Founded in 2011, Senses quickly became one of the most exciting wine projects out of the Sonoma Coast. Occidental natives and childhood friends, Christopher Strieter, Max Thieriot and Myles Lawrence-Briggs partnered with world-class winemaker Thomas Rivers Brown to produce coastal Pinot Noir and Chardonnay. Beginning with only 100 cases in their inaugural vintage, Senses currently crafts a few thousand cases of single vineyard and appellation wines. Grapes come from many renowned and family-owned vineyards including the B.A Thieriot, Terra de Promissio, Dutton Palms and Charles Heintz sites. The wines are complex, intense in flavour and beautifully balanced. All wines ferment via indigenous yeasts and are neither fined nor filtered.

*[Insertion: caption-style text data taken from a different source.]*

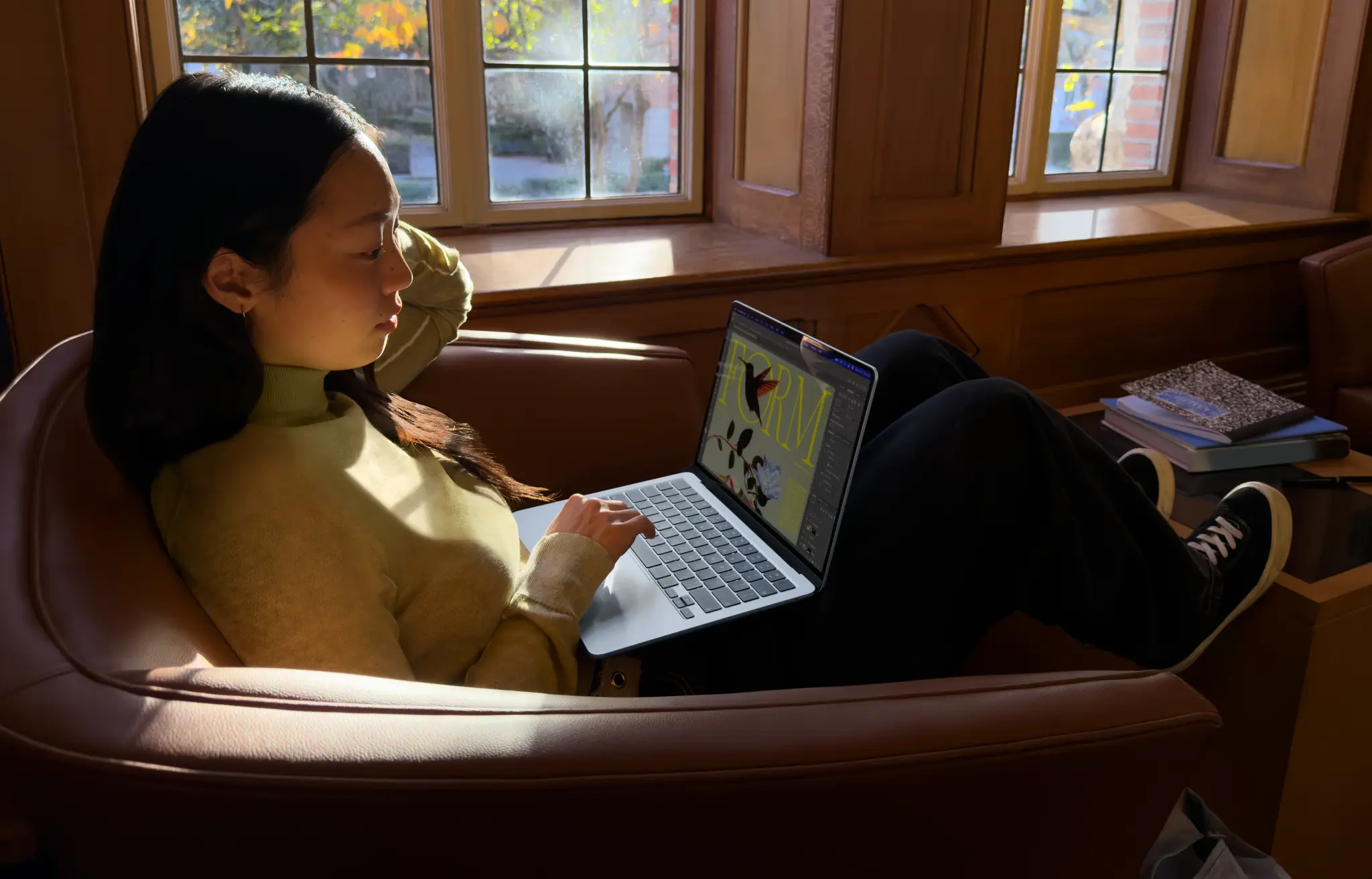 MacBook Air M5 portability image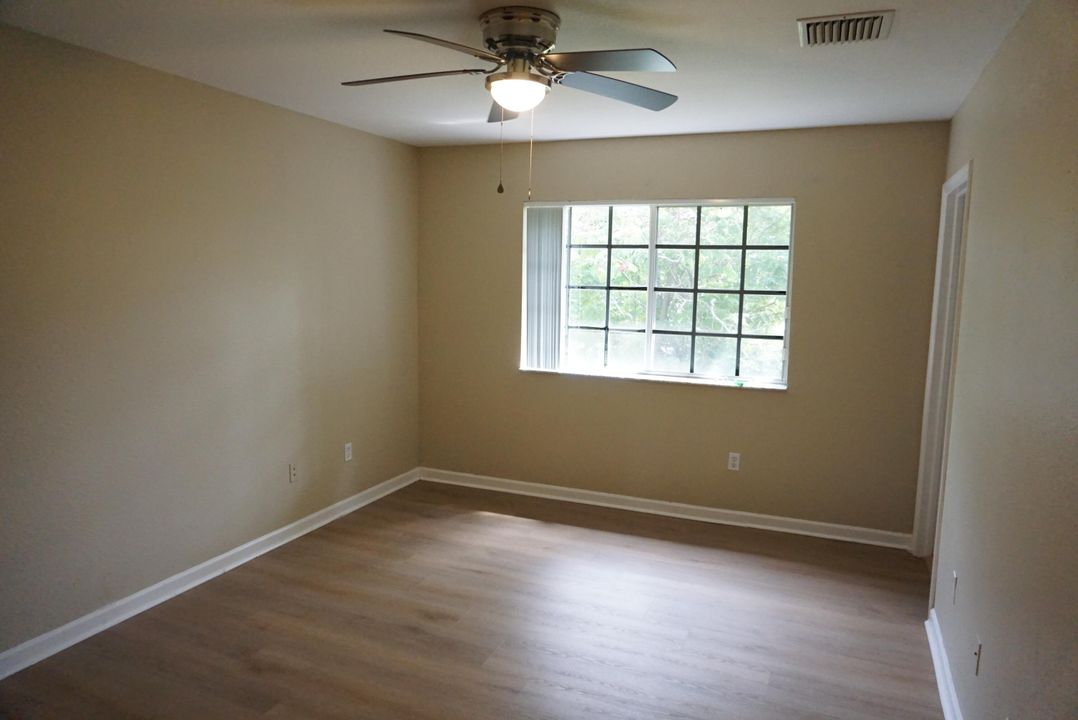 Active With Contract: $2,100 (3 beds, 3 baths, 1394 Square Feet)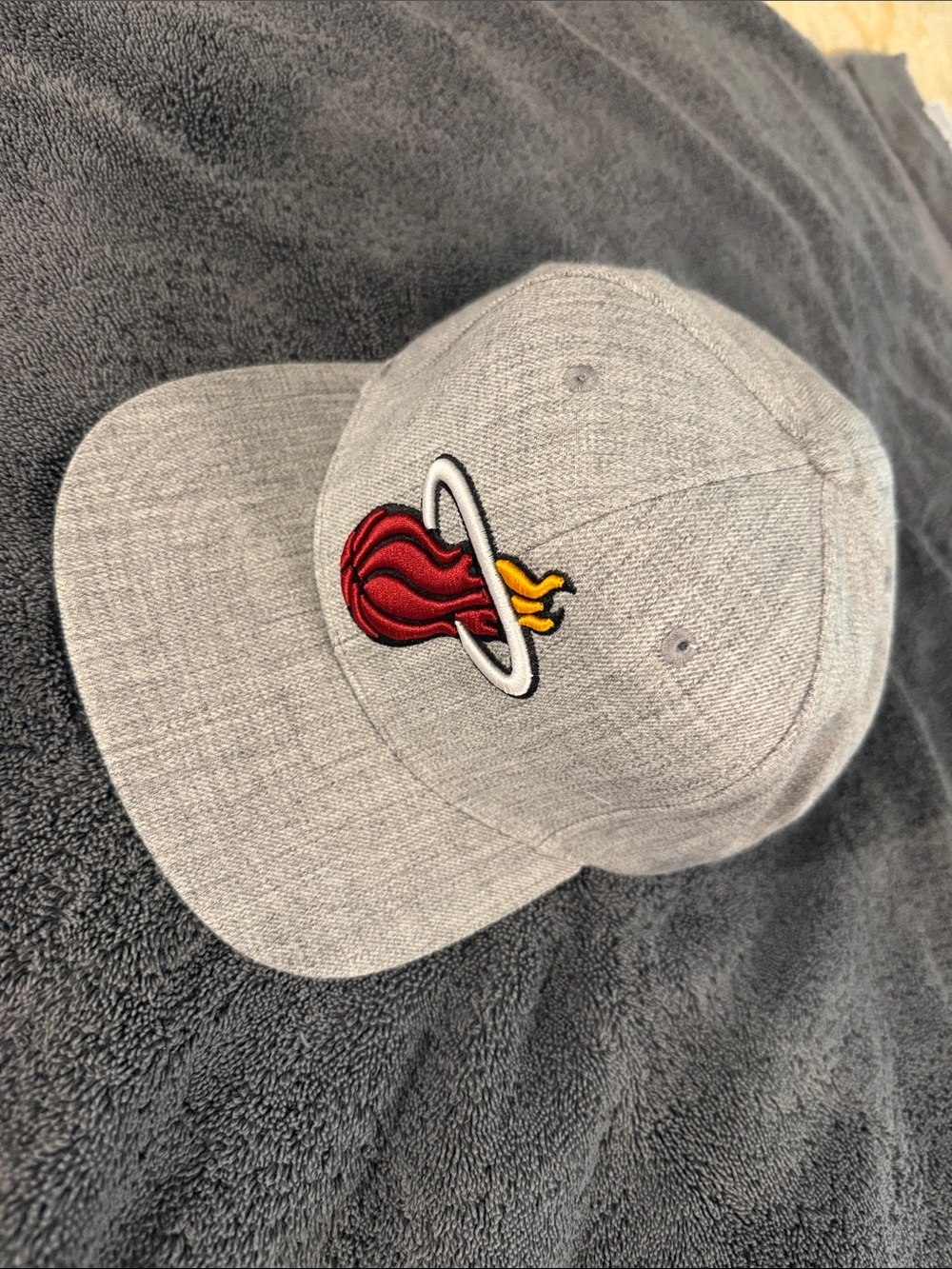 Miami Heat Mitchell & Ness grey SnapBack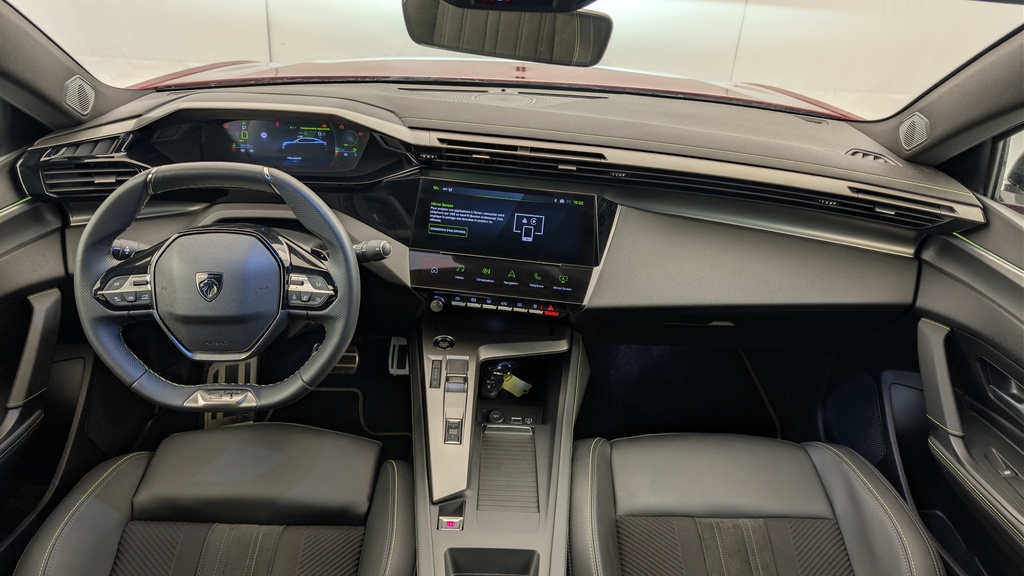 Peugeot 408 Hybrid 145 e-DCS6 GT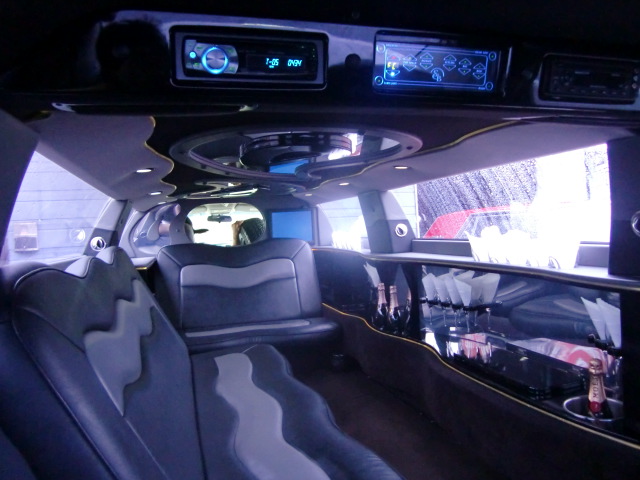 リムジンの車内 - No: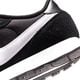 Nike Nike JR MD Valiant 002 : Rozmiar - 36.5 5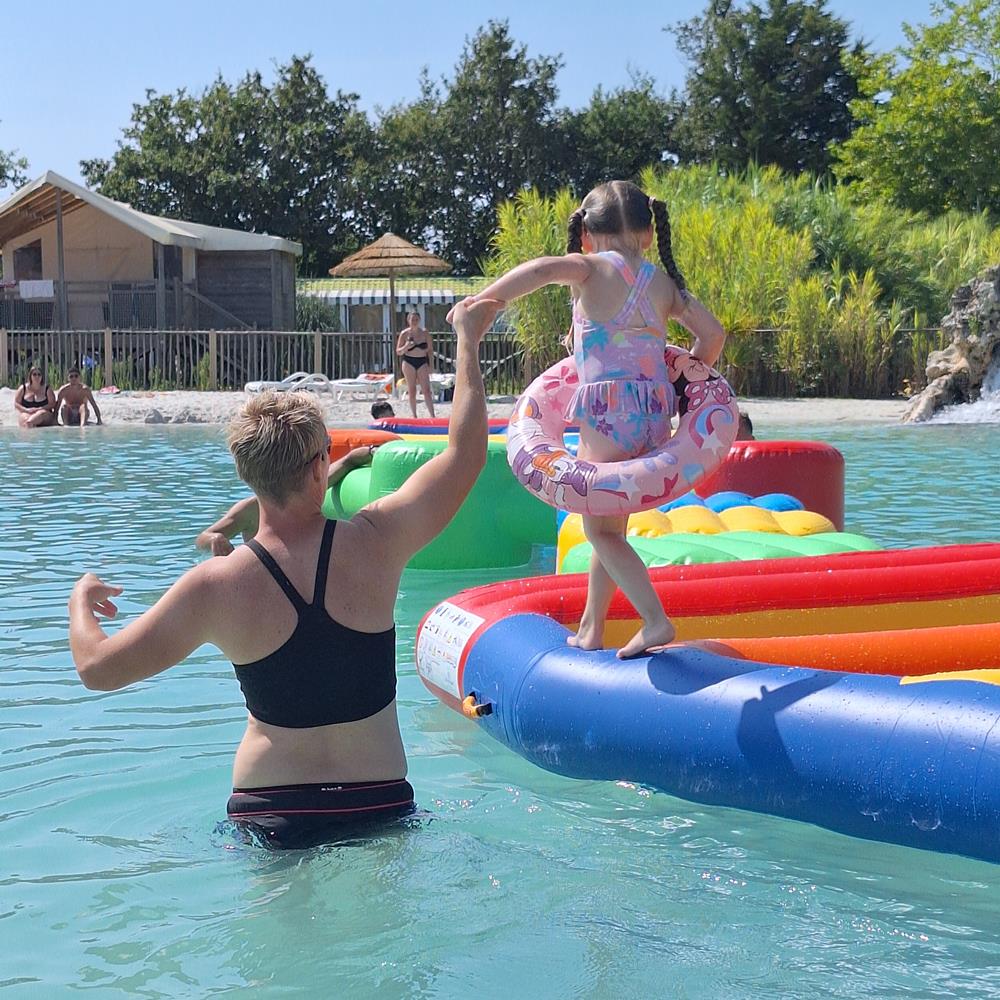 Photo Parcours Gonflable Aquatique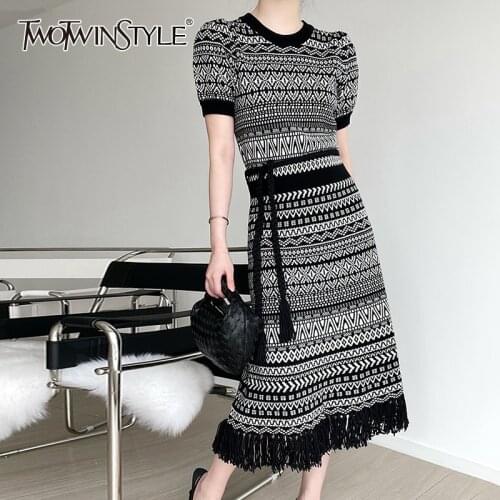 TWOTWINSTYLE Vintage Print Knitting Dress For Women O Neck Puff Short Sleeve High Waist Lace Up Slim Midi Dresses Female Fashion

In the past two years, their presence in the marketplace has expanded to include placements on the menus of many Michelin-rated restaurants throughout the United States, including The French Laundry and Le Bernardin.

Region


Sonoma Coast is one of the largest AVAs in Sonoma, covering the mountains along the Pacific coast from the border with Mendocino County to the top of San Pablo Bay. Despite its name, the Sonoma Coast AVA stretches quite a long way inland. Climatically speaking, the Sonoma Coast is decidedly maritime and is cooler and wetter than the rest of Sonoma County. This is, perhaps obviously, due to its proximity to the Pacific Ocean and the cooling fog that creeps into the coastal valleys via the Petaluma Gap during the summer. As a result of the cool climate, the distribution of grape varieties differs noticeably from that found in the drier, warmer climes inland. The Burgundy family are out in force here – Pinot Noir and Chardonnay together account for more than 75 percent of the AVA’s wines.

Vineyard


The Dutton Palms Vineyard sits on the “Goldridge Loam” of Green Valley. Planted with the Wente Clone of Chardonnay, pockets of cool air coming off the Pacific settle in during the day, keeping temperatures cool and acids high. Composed of fine sandy loam, fluffy and with excellent drainage, there is a layer of silt as well as clay underneath that has some water retention to allow deeper-rooted vines access to water during the inevitable California drought.

Varieties


Chardonnay is the world’s most famous white-wine grape and also one of the most widely planted, with the most highly-regarded expressions of the variety coming from Burgundy and California. Climate plays a major role in dictating which fruit flavours a Chardonnay will have. Broadly speaking, warm regions such as California tend to give more tropical styles. While many Chardonnays have high aromatic complexity, this is usually due to winemaking techniques (particularly the use of oak) rather than the variety’s intrinsic qualities. Malolactic fermentation gives distinctive buttery aromas. Fermentation and/or maturation in oak barrels contributes notes of vanilla, smoke and hints of sweet spices such as clove and cinnamon. Extended lees contact while in barrel imparts biscuity, doughy flavours.

Winemaking


Hand-harvested fruit, selecting only the finest bunches, is sorted before being gently pressed into French oak barrels (a quarter of which is new) for fermentation using indigenous yeasts. With occasional batonnage, the wine rests in barrel after fermentation is complete for 14 months before blending and bottling.

Tasting Notes 


Bright and nervy but with ample weight, the Tenth Stop Chardonnay is a brilliant gold colour, with aromas of poached pear, ripe apple, dark honey and toast. On the palate, there is a luscious character to it, but the acids are still quite marked, making it come across as lighter and defter. This strikes a fine balance between cool climate and warm climate — quintessential Sonoma Coast Chardonnay — finishing with some of the telltale sea salinity the appellation is known for, in this case, like salted caramel.